Please retype every entry as written, and keep the pictures out.

# Data to process:
==*==
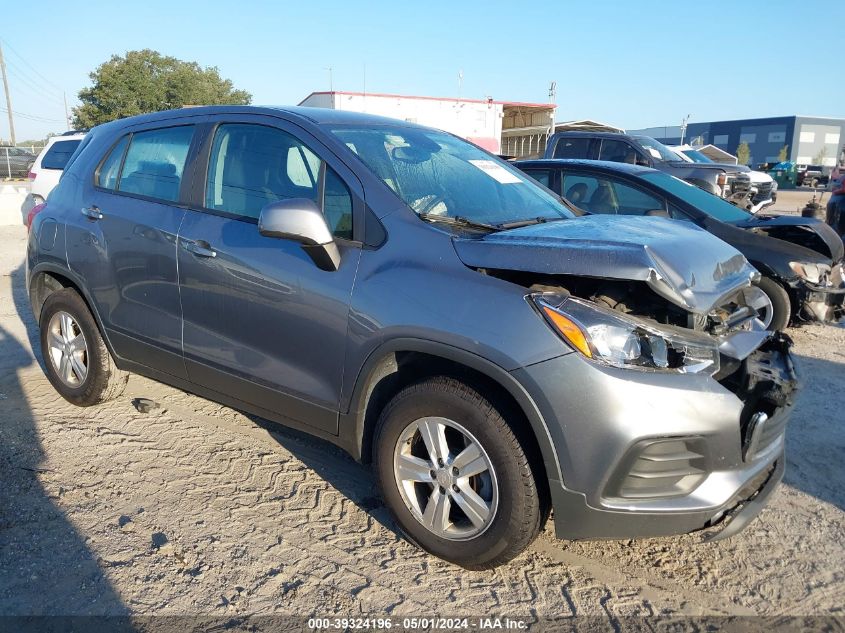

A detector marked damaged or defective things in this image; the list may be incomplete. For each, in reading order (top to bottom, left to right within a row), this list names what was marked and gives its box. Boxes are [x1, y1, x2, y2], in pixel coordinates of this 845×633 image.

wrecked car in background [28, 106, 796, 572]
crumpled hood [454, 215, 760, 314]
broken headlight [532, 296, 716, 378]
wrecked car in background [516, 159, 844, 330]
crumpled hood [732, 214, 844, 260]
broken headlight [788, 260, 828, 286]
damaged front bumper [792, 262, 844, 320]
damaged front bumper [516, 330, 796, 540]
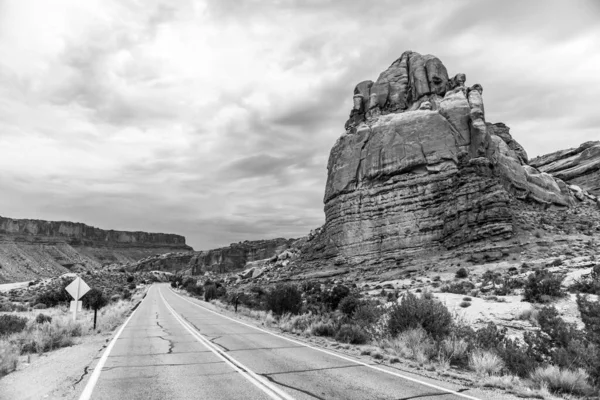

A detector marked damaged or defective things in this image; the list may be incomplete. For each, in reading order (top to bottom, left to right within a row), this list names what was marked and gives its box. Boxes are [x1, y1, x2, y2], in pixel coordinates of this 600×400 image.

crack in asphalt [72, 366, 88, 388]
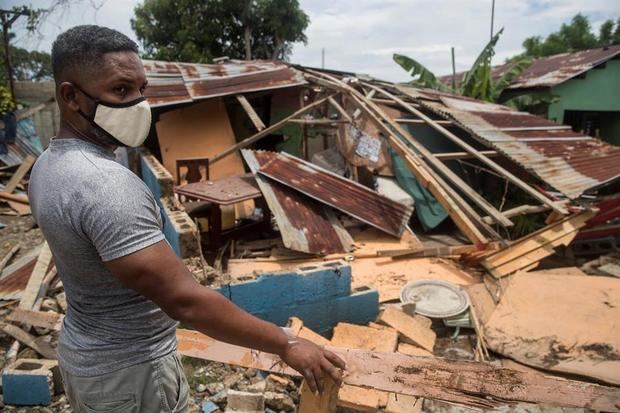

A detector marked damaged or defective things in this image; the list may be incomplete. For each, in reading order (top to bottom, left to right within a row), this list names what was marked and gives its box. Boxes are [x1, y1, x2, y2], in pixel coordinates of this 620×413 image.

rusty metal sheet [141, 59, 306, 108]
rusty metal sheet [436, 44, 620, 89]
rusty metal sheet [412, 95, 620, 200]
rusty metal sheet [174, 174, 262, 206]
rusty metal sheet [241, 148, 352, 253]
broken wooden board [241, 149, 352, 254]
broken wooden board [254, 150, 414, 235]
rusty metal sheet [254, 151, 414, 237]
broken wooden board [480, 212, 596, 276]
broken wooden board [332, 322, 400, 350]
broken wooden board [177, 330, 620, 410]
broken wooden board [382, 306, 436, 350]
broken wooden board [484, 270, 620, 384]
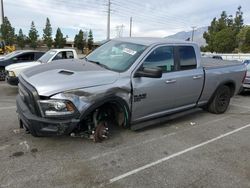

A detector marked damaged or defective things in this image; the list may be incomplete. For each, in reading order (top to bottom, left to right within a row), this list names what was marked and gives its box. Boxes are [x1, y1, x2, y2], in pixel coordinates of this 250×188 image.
==*==
# Reply to the exercise:
A detector marked damaged or defective things in this image; the list may be incomplete. For each, in reading order (top to bottom, left to right within a row), this list names what was marked and gives its box. Boxes are [x1, y1, x2, y2], in pixel coordinates of this 845×633 image.

wrecked car in background [28, 106, 796, 572]
crumpled hood [454, 215, 760, 314]
broken headlight [532, 296, 716, 378]
wrecked car in background [516, 159, 844, 330]
crumpled hood [732, 214, 844, 260]
broken headlight [788, 260, 828, 286]
damaged front bumper [792, 262, 844, 320]
damaged front bumper [516, 330, 796, 540]

A detector marked damaged or defective things in this image; the list may be incomplete. For each, in reading order (top to bottom, left to right within a row), this list names what was marked and gives its box. Boxes are [x1, y1, x2, y2], in pixel coordinates of this 600×400 image.

crack in asphalt [72, 366, 88, 388]

A detector marked damaged or defective things in this image; the list may be incomplete. For each, in reading order (top to bottom, left to right within a row), this list names what was marked and gives its box. Boxes are [x1, y1, x2, y2], in pixel coordinates of this 620×413 image.

rusty metal sheet [141, 59, 306, 108]
rusty metal sheet [436, 44, 620, 89]
rusty metal sheet [412, 95, 620, 200]
rusty metal sheet [174, 174, 262, 206]
rusty metal sheet [241, 148, 352, 253]
broken wooden board [241, 149, 352, 254]
broken wooden board [254, 150, 414, 235]
rusty metal sheet [254, 151, 414, 237]
broken wooden board [480, 212, 596, 276]
broken wooden board [332, 322, 400, 350]
broken wooden board [177, 330, 620, 410]
broken wooden board [382, 306, 436, 350]
broken wooden board [484, 270, 620, 384]

A detector marked damaged or defective things in this image; the list may be incomplete. For each, in reading order (top to bottom, left to right within a row), this list names what was marked and gives its box. Boxes are [x1, y1, x2, y2], in pixel coordinates of this 250×188 image.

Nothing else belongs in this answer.